ASSIGNED TASK: The listing below holds pictures; exclude them. Return exactly the lines from the one with "Bow Seating with Back Rests" through the one with "Breath of the wild Sound track".

ENTRIES SHOWN:
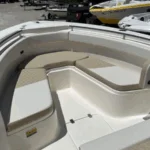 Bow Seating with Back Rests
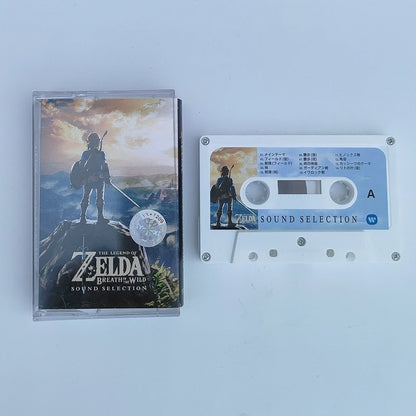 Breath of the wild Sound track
==
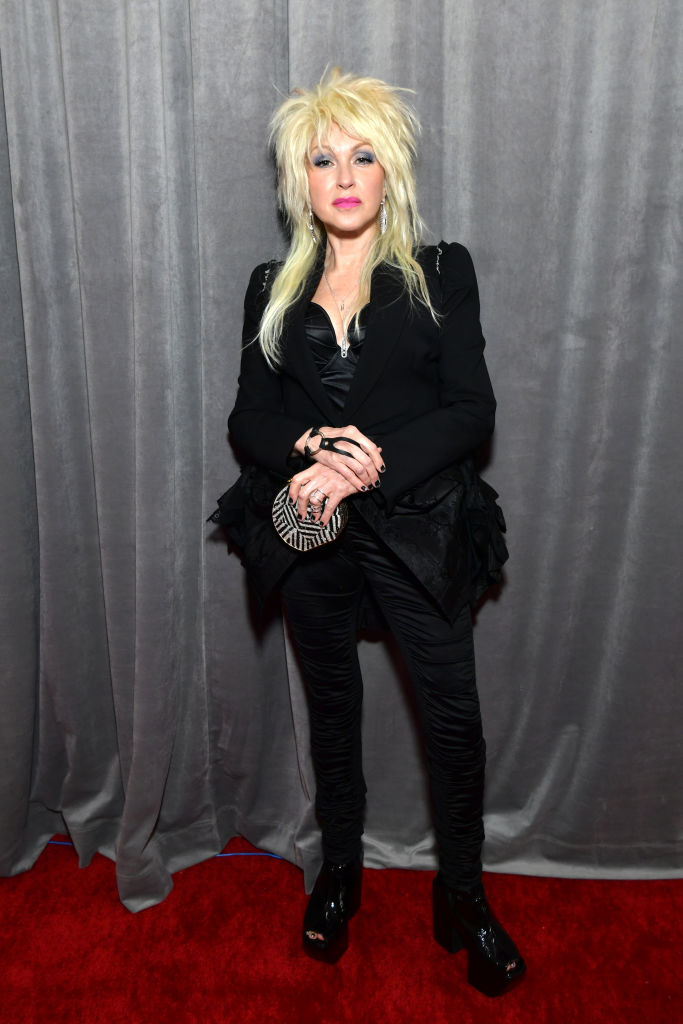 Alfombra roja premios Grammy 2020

RESULT OF THE TASK:
 Bow Seating with Back Rests
 Breath of the wild Sound track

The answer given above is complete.